American Government Special Collections Reference Desk

Trucking

ARIZONA TESTS TRUCKS.

The New York Times
April 12, 1914


Hard Trip from Silver City to Mogollon Shows Their Quality.

While much has been heard of the efficiency and economy of motor trucks in city service and in the larger centres in transportation service through suburban sections, little attention has been given to the work which is being done by some motor trucks operating under entirely different conditions.  Although the comment is often heard that in the remote sections the only kind of transportation that could successfully carry on work is that done by horses, the motor truck is proving infinitely superior to horses in territories where steep mountain grades and roads that are practically no roads at all are the rule.  An example of this is the excellent service being obtained in the mining sections of Arizona from motor trucks.
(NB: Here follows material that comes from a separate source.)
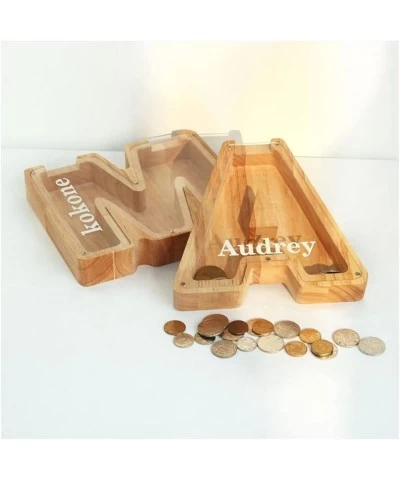 Personalized Wood Letter Piggy Bank - Letters Coin Bank Wooden Money Box Frame Birthday Gift for Kids Adults Boys Girls $49.2...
C. B. Rose, chief engineer of one of the motor companies, has just returned from an extended trip through the mining section of Arizona in the interests of his company, which practically monopolizes motor truck transportation in this territory.  He reports that the most remarkable example of truck efficiency that he has ever seen is displayed by the five trucks now making the eighty-five-mile trip from Silver City., Ariz., to Mogollon.  This trip is one which might well be considered impossible for any kind of a motor-driven vehicle.  Yet the trucks are covering the 170-mile round trip in twenty-seven hours.  The same trip previously required teams of sixteen horses and took eleven days.

An idea of the difficulty of the trip can be gained from the fact that the sun in Mogollon only shines from 11 o'clock in the morning to 1 in the afternoon because of the great height of the mountains on each side.  During the trip the Gila River had to be forded, and in the Mogollon Mountains one five-mile hill averages 9 per cent. grade for the distance of five miles, and then drops 1,200 feet in one mile.

During his trip through Arizona Mr. Rose was instrumental in closing a contract with the City of Tucson for the first motor-driven fire wagon ever used in the State.